-- TASK DIRECTIONS --
Return each entry below exactly. Skip the images.

Data extracted from a collection
-------------------------

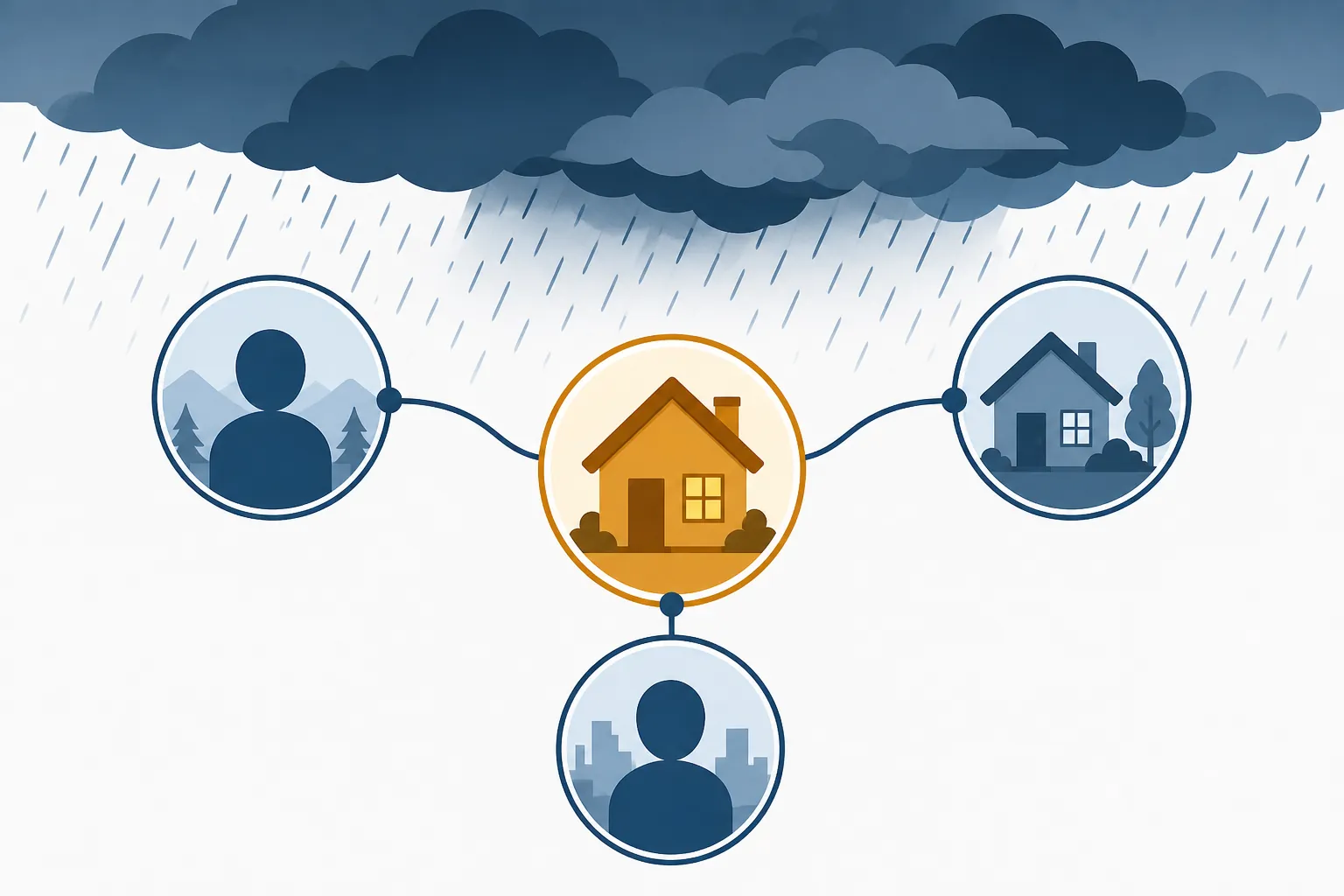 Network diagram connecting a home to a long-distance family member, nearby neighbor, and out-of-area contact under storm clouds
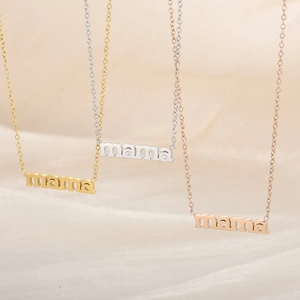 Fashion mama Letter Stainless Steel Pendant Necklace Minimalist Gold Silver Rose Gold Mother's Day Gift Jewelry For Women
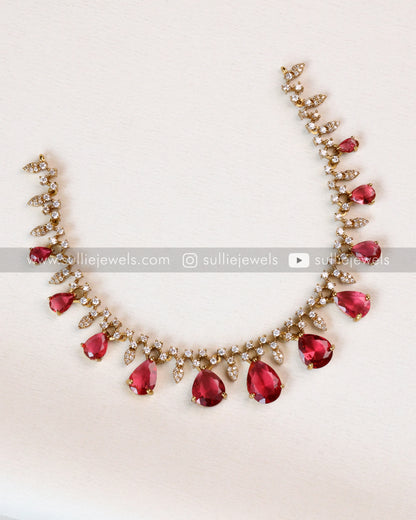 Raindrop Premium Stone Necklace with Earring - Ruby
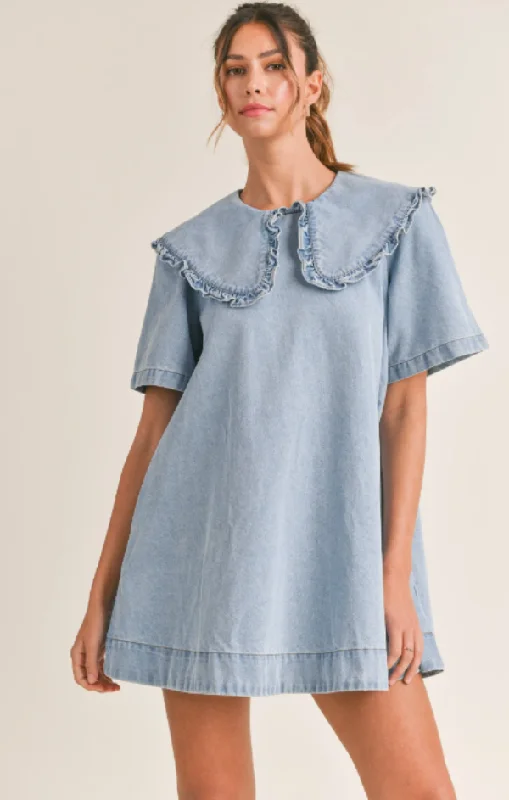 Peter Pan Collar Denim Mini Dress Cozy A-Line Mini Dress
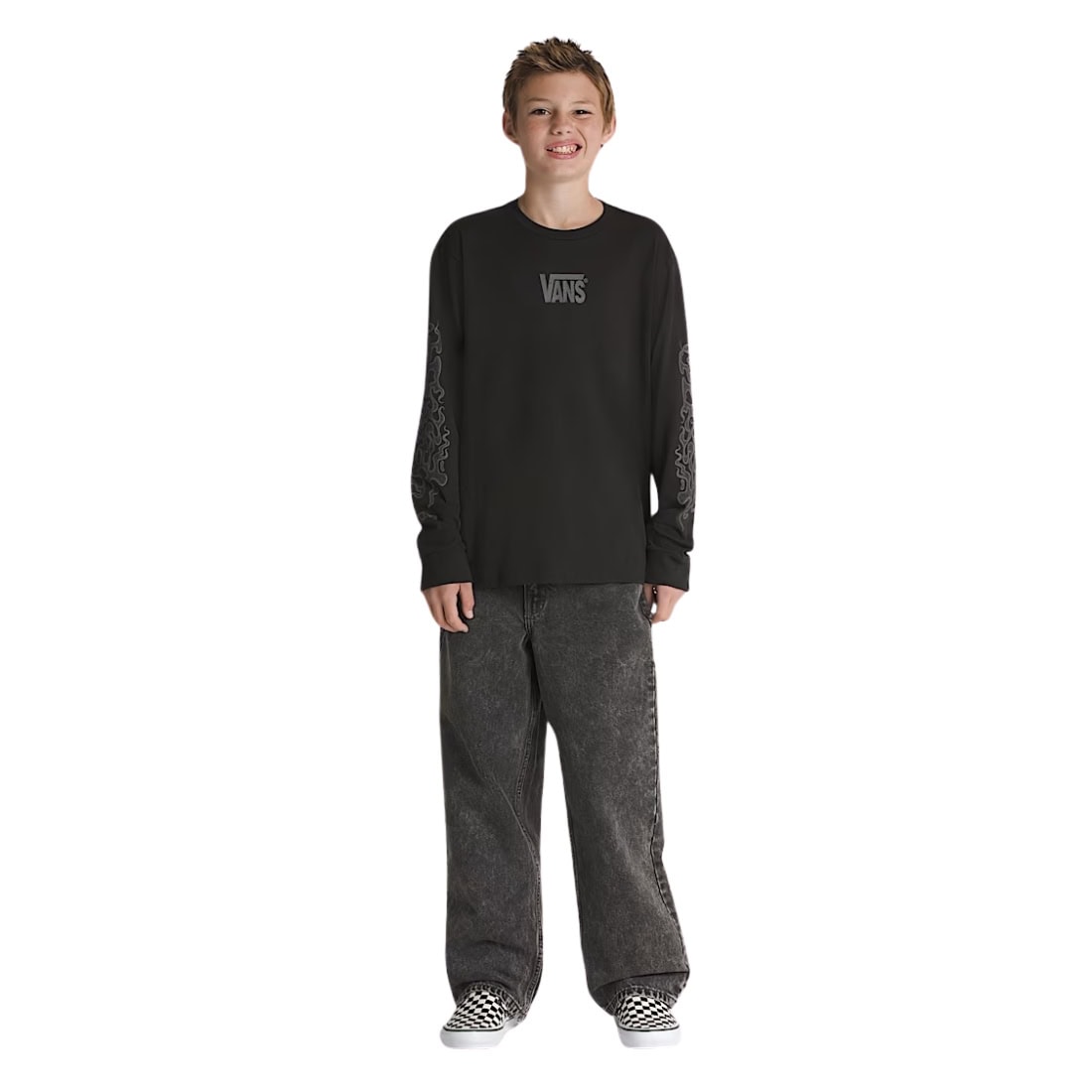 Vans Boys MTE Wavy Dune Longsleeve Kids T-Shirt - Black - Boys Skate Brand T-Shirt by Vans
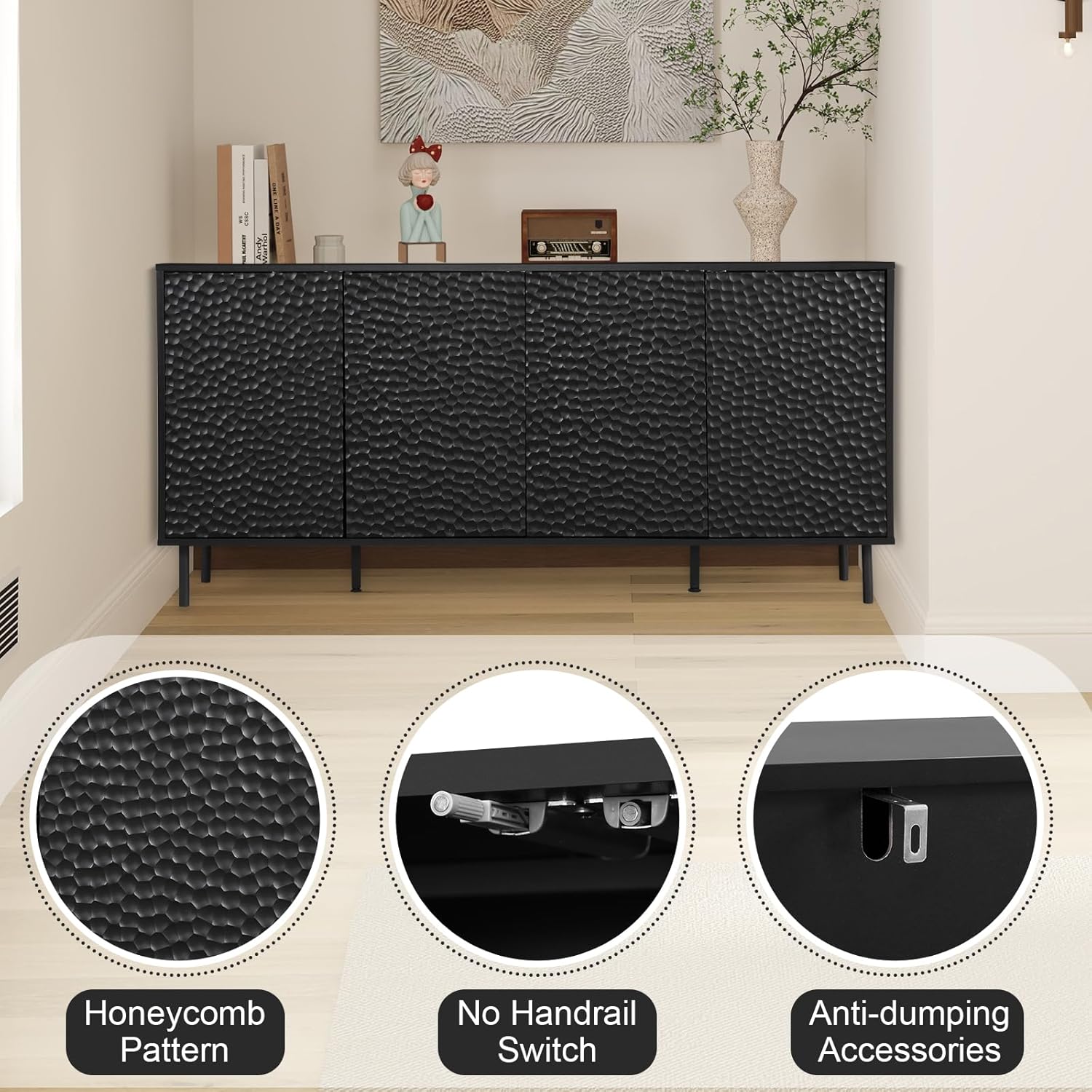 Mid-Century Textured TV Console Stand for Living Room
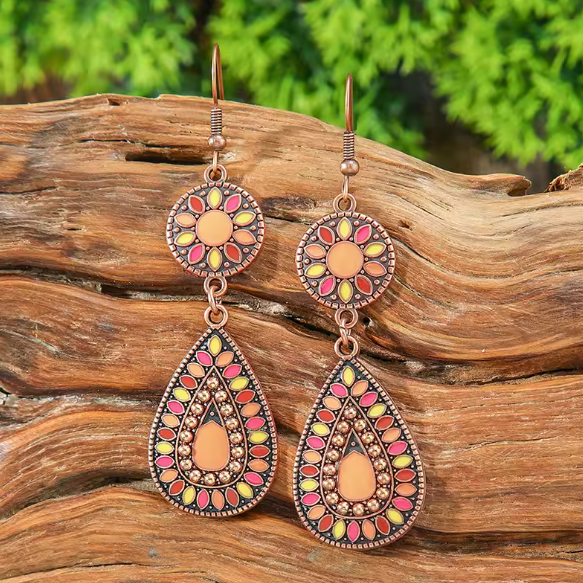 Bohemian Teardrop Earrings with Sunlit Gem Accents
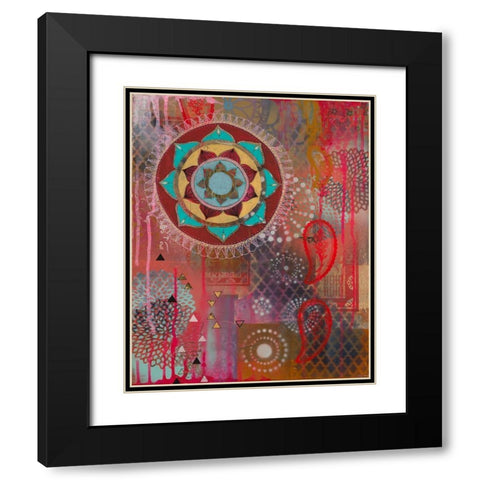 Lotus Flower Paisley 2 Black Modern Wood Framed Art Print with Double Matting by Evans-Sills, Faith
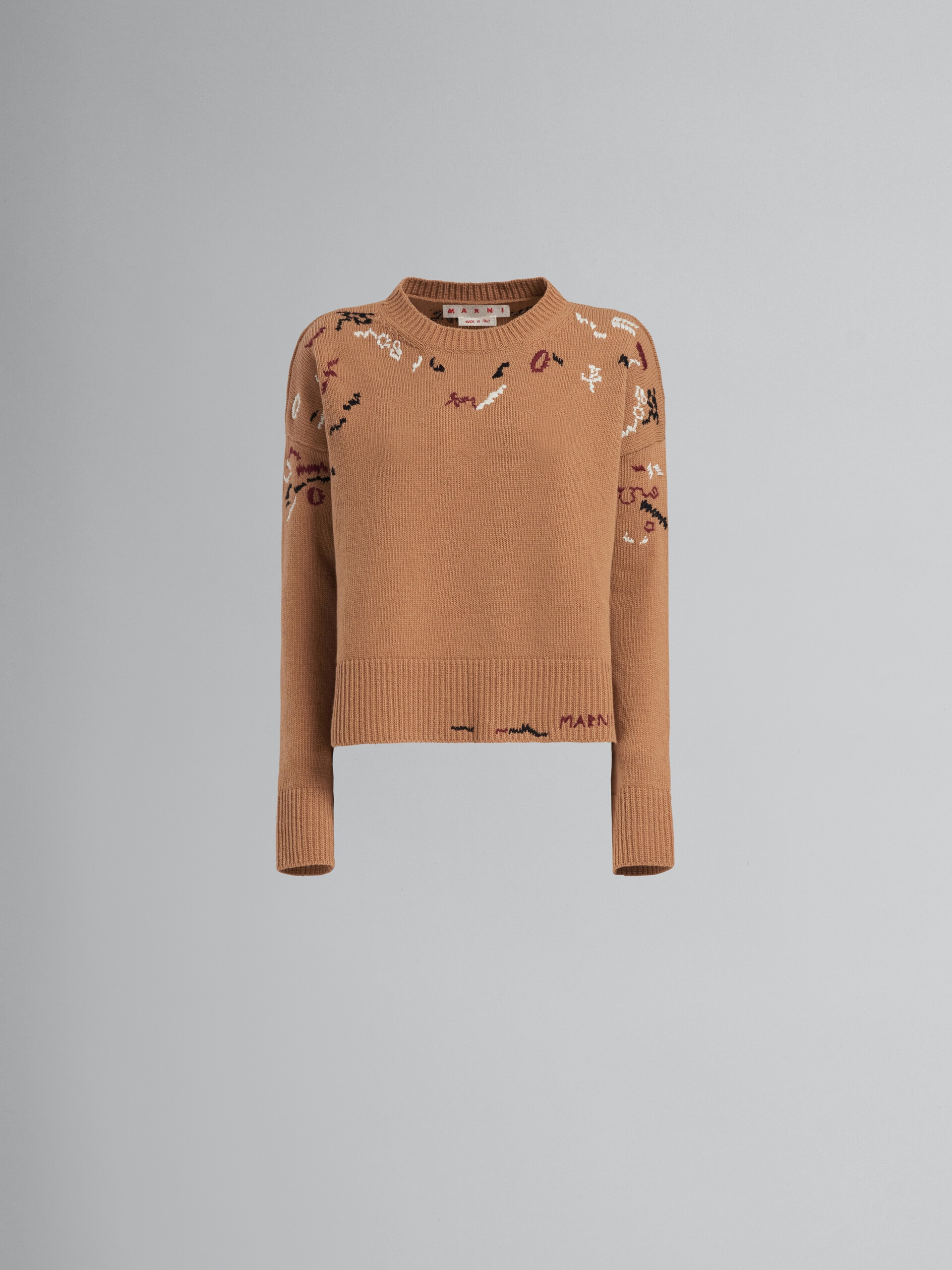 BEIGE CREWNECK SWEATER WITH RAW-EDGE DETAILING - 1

-------------------------

-- EXERCISE SOLUTION --
 Network diagram connecting a home to a long-distance family member, nearby neighbor, and out-of-area contact under storm clouds
 Fashion mama Letter Stainless Steel Pendant Necklace Minimalist Gold Silver Rose Gold Mother's Day Gift Jewelry For Women
 Raindrop Premium Stone Necklace with Earring - Ruby
 Peter Pan Collar Denim Mini Dress Cozy A-Line Mini Dress
 Vans Boys MTE Wavy Dune Longsleeve Kids T-Shirt - Black - Boys Skate Brand T-Shirt by Vans
 Mid-Century Textured TV Console Stand for Living Room
 Bohemian Teardrop Earrings with Sunlit Gem Accents
 Lotus Flower Paisley 2 Black Modern Wood Framed Art Print with Double Matting by Evans-Sills, Faith
 BEIGE CREWNECK SWEATER WITH RAW-EDGE DETAILING - 1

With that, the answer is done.